What to produce
Note on the material below: return exactly the lines from the line that holds "One thing the" through the line that holds "The basic element", and leave out each picture.

Listed entries
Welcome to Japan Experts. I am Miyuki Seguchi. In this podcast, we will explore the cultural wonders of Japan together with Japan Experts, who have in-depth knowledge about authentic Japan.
==
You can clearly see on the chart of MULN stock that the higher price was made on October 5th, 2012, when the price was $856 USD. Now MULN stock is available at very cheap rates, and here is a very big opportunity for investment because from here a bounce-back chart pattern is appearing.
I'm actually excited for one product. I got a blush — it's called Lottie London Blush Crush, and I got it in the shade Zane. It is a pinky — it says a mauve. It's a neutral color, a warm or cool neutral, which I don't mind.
==
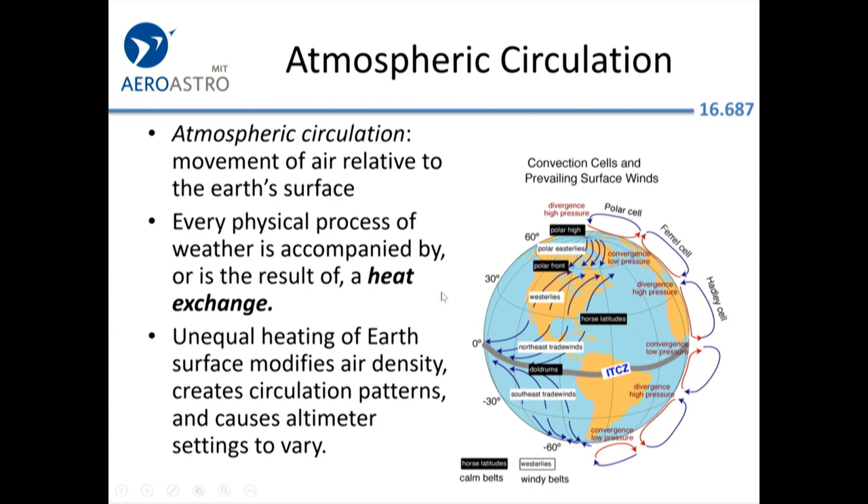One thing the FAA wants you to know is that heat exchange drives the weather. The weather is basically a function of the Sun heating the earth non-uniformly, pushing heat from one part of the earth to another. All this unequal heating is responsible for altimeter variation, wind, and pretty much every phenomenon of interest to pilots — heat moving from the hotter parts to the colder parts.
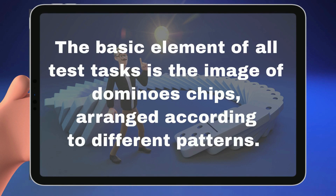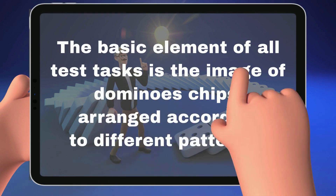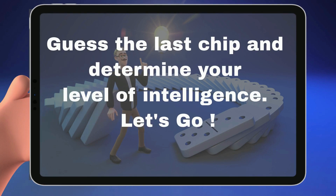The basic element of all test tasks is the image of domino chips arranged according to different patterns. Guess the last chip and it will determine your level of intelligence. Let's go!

Task answer
One thing the FAA wants you to know is that heat exchange drives the weather. The weather is basically a function of the Sun heating the earth non-uniformly, pushing heat from one part of the earth to another. All this unequal heating is responsible for altimeter variation, wind, and pretty much every phenomenon of interest to pilots — heat moving from the hotter parts to the colder parts.
The basic element of all test tasks is the image of domino chips arranged according to different patterns. Guess the last chip and it will determine your level of intelligence. Let's go!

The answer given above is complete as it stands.